After many iterations, the optimal solution was 3 level 2 chargers and 1 level 3 charger. Other feasible solutions found with the iterative method were higher cost or infeasible. Inside the red circle at the bottom of the graph are the sets of infeasible solutions, which means that those solutions were not able to satisfy all of the constraints within those scenarios, for example, the number of chargers were not able to meet the EV demand at some time step. After the optimal number of chargers was determined, the values were implemented into the data sets to determine the robustness of the solution.

The optimal number of EV chargers minimized cost while meeting the greatest demand at any given time step.

modeling and corner cases

The first challenge that arose was an interesting corner case that resulted in battery charging and discharging at the same time. This occurred when energy demand was quite small compared to solar generation, and grid export had reached the maximum limit. When faced with over generation, the model attempted to expend that excess energy through the battery’s internal resistance. As you can imagine, this has a severe negative impact on battery life.
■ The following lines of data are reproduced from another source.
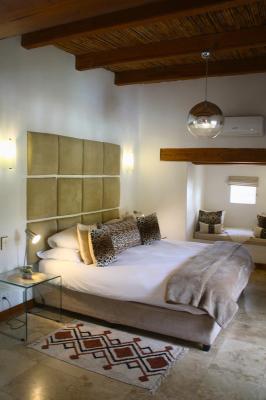Room image 28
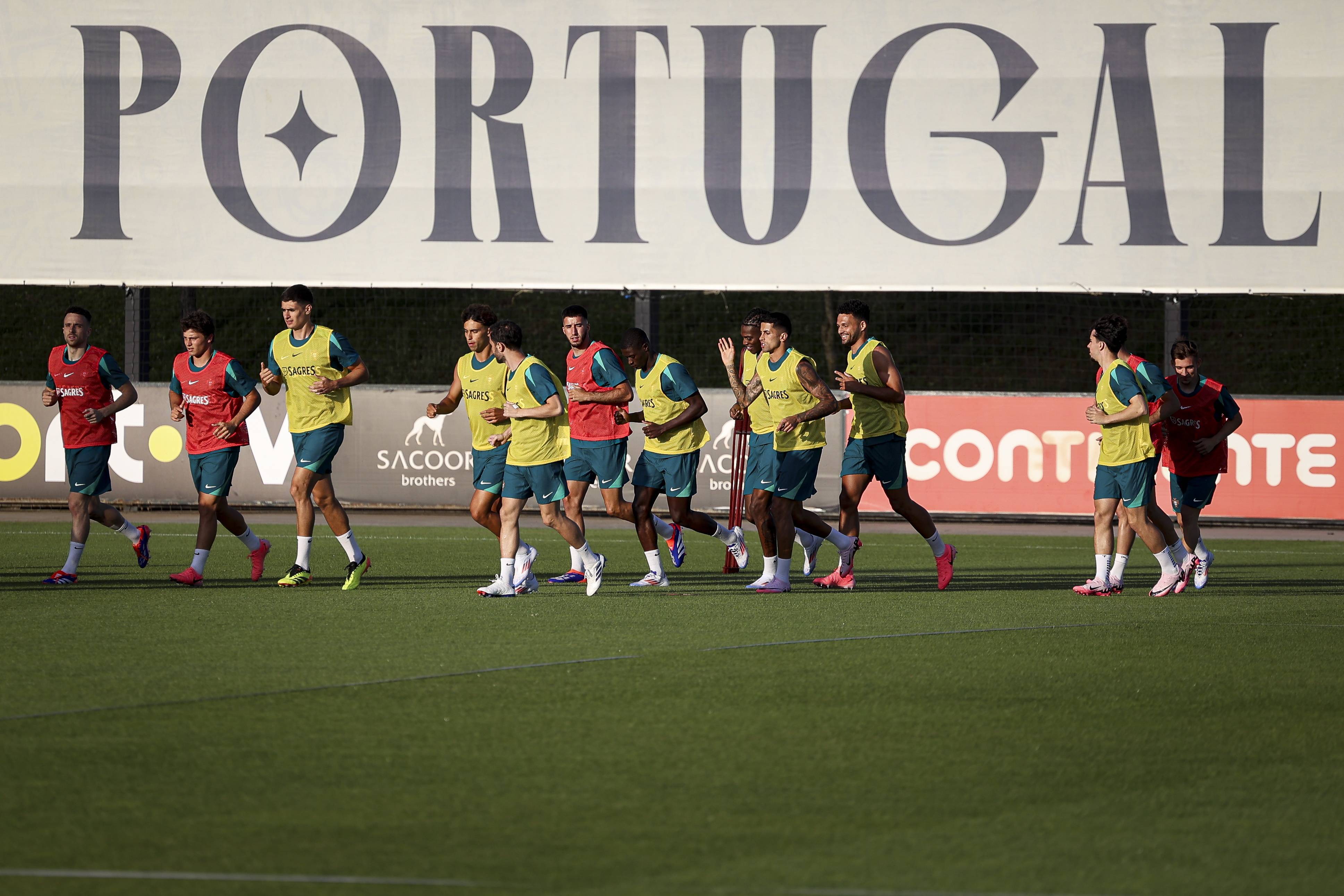 关于韩国国家队备战葡萄牙热身,决心保持连胜的信息 关于韩国国家队备战葡萄牙热身,决心保持连胜的信息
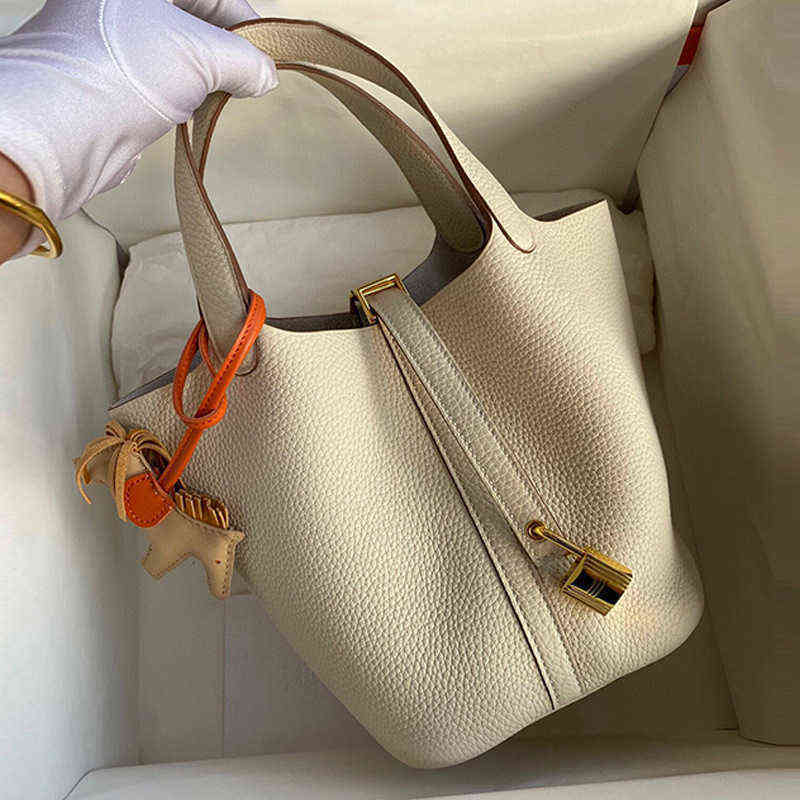 

Bag Herme PicotinsLocks Bags 18 22 26cm Handmade Wax Line Picotin Basket Womens Litchi Pattern 1822tc Cow Leather Highend Portable Bucket, Black -22cm (wax thread)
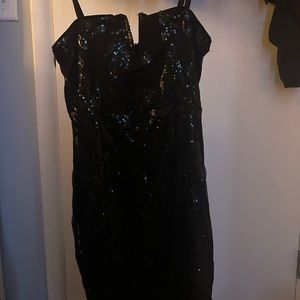 Black sequin dress never worn wasn’t my style it’s from fashion nova
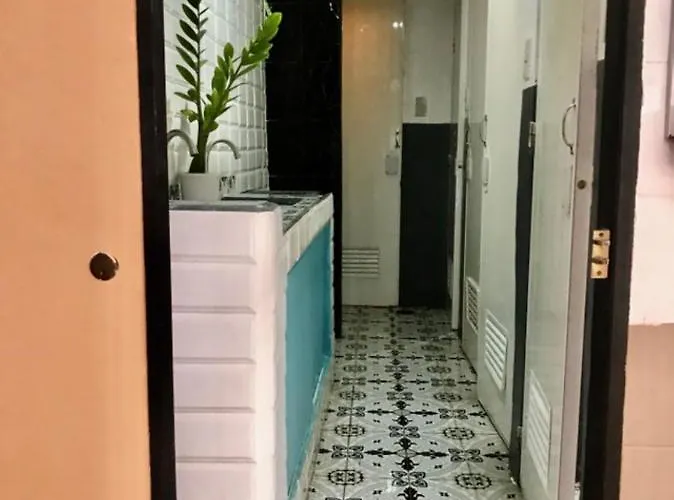 Apartment Budget Transient Capsule Makati Near Ayala And Buendia *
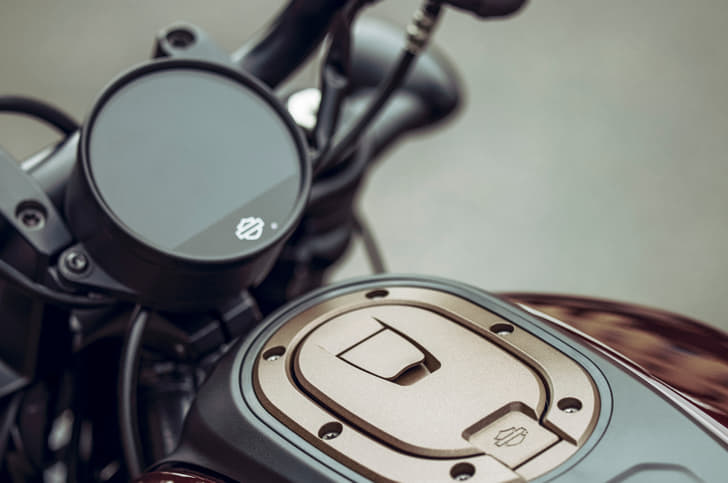 The Sportster S features a round 4.0-inch-diameter TFT screen with Bluetooth connectivity.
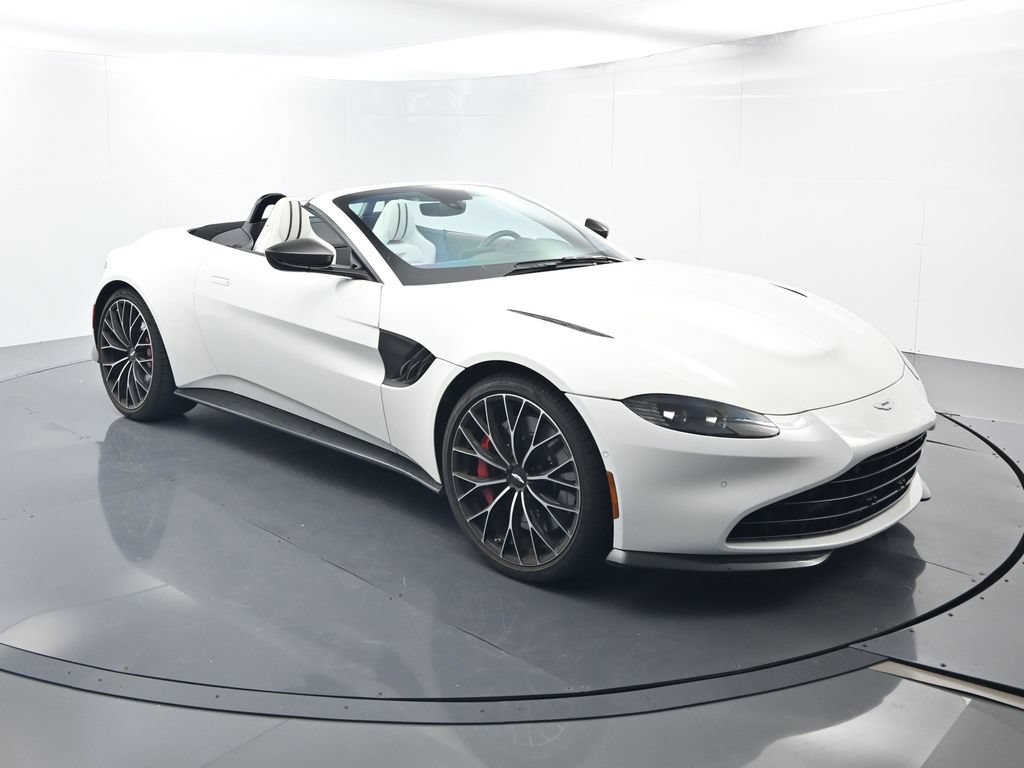 Used 2023 Aston Martin V8 Vantage Roadster RWD image 17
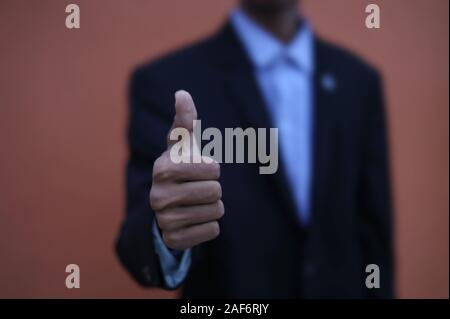Business Mann zeigt Daumen oben unterzeichnen Gesten Stockfoto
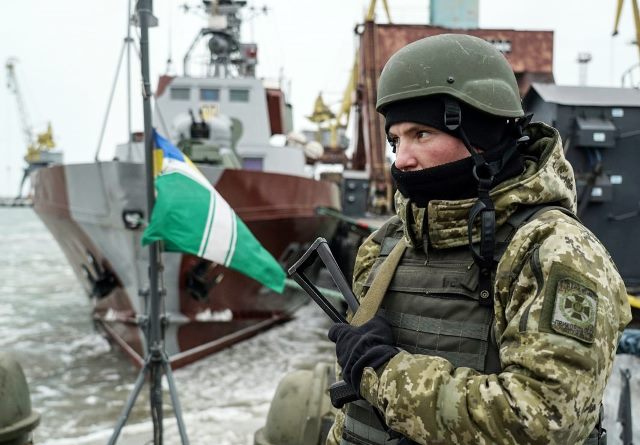 الولايات المتحدة وناتو يضغطان على روسيا للإفراج عن السفن والبحارة الأوكرانيين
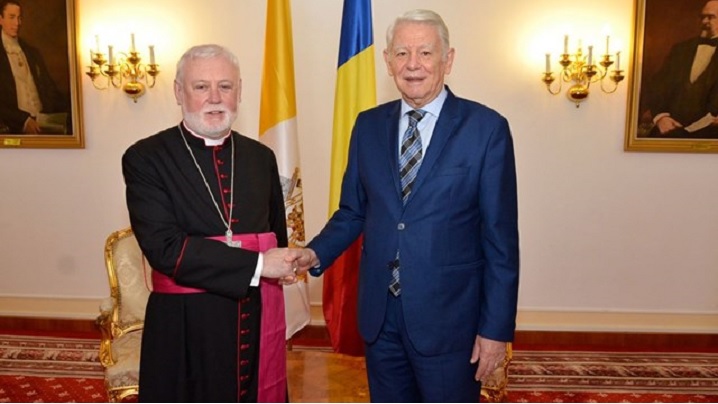 Perspectivele vizitei Papei Francisc, pe agenda consultărilor bilaterale Sfântul Scaun – România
This error was traced to a simple error in the data set, but it helped to show how important it is for the model to be reviewed closely and critically for any irregularities.

boundary condition: battery sizing

The difference in required battery size is the blue arrow between the red and blue horizontal lines from time step 14 to 20.

The next challenge was to consider the model’s feasibility through all time steps. With a finite time horizon, the model would attempt to maximize profit (and therefore minimize cost) when it could. The result was two boundary conditions: the first of which is that the battery completely discharged for grid export at the final step regardless of the battery state after the time horizon. This resulted in additional batteries being purchased (which increase cost) simply to satisfy the final time step.

The solution to the final state problem was to impose a minimum battery SOC at the final step. For this model it means that the energy level in the battery at the final time step must be greater than 10% of the maximum energy level of the battery multiplied by the number of battery modules required to meet peak demand. As you can see from the figure, while the model previously had battery energy at higher levels, and therefore higher cost, the constrained battery size still satisfies demand while reducing cost.

boundary condition: EV Charging demand

The mean demand is the blue line below, and the 99th percentile of demand is the yellow line above. The model relied on the 99th percentile of EV demand to maximize profitability.

The second boundary condition: high levels of EV charging regardless of EV demand. To satisfy EV demand without selling more energy than demanded, a limit on the uncertainty in the upper bound of demand needs to be set.

With the existing chance constraints, the model attempted to sell as much EV charging as possible, at the 99th percentile of EV charging demand, to maximize revenue because of the high profitability in that slim feasible region, so a constraint was implemented to limit the uncertainty. In other words, the model is able to satisfy EV charging for residents 95% of the time, but not overestimate the potential revenue from EV charging as a whole which allows the model to remain robust, while satisfying demand, without being overly optimistic about potential revenue.

conclusion

To conclude: in this project, an optimization model was developed for installing EV chargers while identifying possible drawbacks. The cost of the project was minimized by the objective function by iterating over several SOCPs, maintaining the stochastic elements of the original model, and corner cases were addressed along with boundary conditions to ensure the model is robust to EV charging, renewable generation, and building load.

This was a really fun project with a great group that really helped me learn a lot about optimization generally and how to think about and solve complex control and modeling problems. It was also helpful to have this experience within a group dynamic where everyone brought something different to the table. Everyone that I worked with has moved onto successful careers or advanced degrees, and I hope they find these experiences as helpful as I did!